ECE2022 Eposter Presentations Late Breaking (59 abstracts)
1Lithuanian University of Health Sciences (LUHS), Department of Endocrinology, Kaunas, Lithuania; 2Lithuanian University of Health Sciences, Kaunas, Lithuania
Introduction: Diabetic nephropathy (DN) is a severe complication of type 1 diabetes mellitus (T1DM) and has become common primary disease leading to end-stage renal disease worldwide. Abnormalities in lipid metabolism is very important in the progression of renal damage in patients with T1DM.
Aim: to assess the relationship between lipid abnormalities and diabetic nephropathy in type 1 diabetes mellitus patients.
Methods: we performed a retrospective analysis of clinical data from Litdiane database from 2013 to 2016. 18-67-year-old 100 patients with type 1 diabetes were enrolled in the study. Participants filled questionnaires about T1DM, disease duration, complications and treatment. Anthropometric parameters height and weight were measured. Laboratory tests including total cholesterol, triglycerides, low-density lipoprotein (LDL) and high-density lipoprotein (HDL) cholesterol, glycated hemoglobin (HbA1c), creatinine, albumin in 24h urine sample were performed. Study included group 1 of 50 T1DM patients with DN and group 2 of 50 T1DM patients without DN. Patients taking statins and patients with eGFR <30 ml/min were excluded from the trial.

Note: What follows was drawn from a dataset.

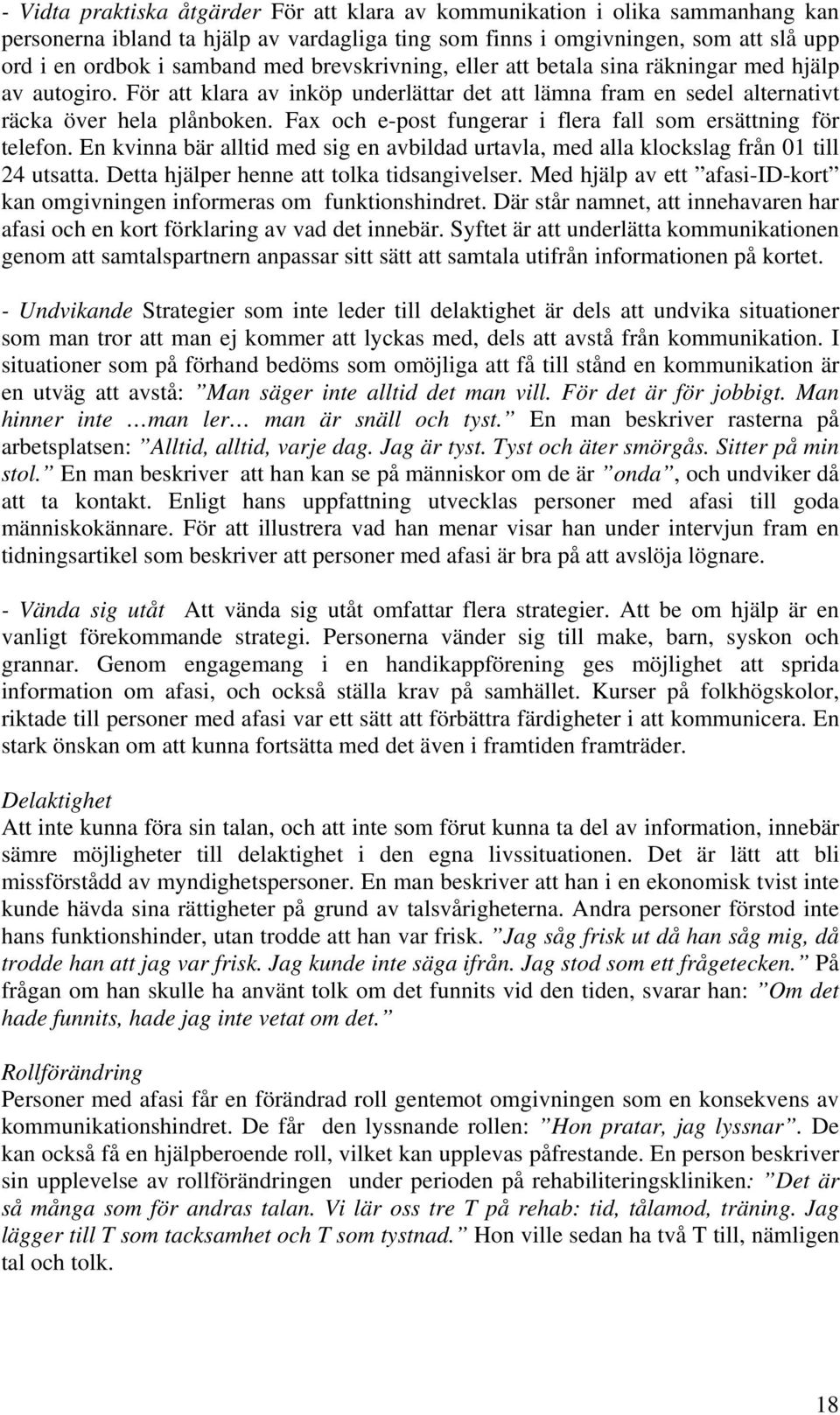 Fax och e-post fungerar i flera fall som ersättning för telefon. En kvinna bär alltid med sig en avbildad urtavla, med alla klockslag från 01 till 24 utsatta.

Results: 62 females and 38 males participated in the study. Mean age in DN group was 38.4±11.2 years and in group without DN 30.4±10.3 years. Mean duration of diabetes was 17.7±11.1 years, average body mass index (BMI) was 24.2±3.9 kg/m2, HbA1c 9 ± 2.2 %, eGFR 92±30.9 ml/min/1.73m2. Patients with macroalbuminuria (26%) and microalbuminuria (40%) had significantly increased serum cholesterol (P<0.05). LDL cholesterol was significantly higher (3.3±0.9) in DN group (P=0.005). Cases of hypertriglyceridemia were significantly more frequent between males than females (39.5% vs 9.7% P<0.001). Statistically significant relationship was verified between higher serum cholesterol (5.8±1.5) and DN group (P=0.001).
Conclusion: lipid metabolism is significantly impaired among patients with diabetic nephropathy. Early monitoring, regular screening and appropriate lipid-lowering drug therapy may delay further renal complications in type 1 diabetes mellitus patients.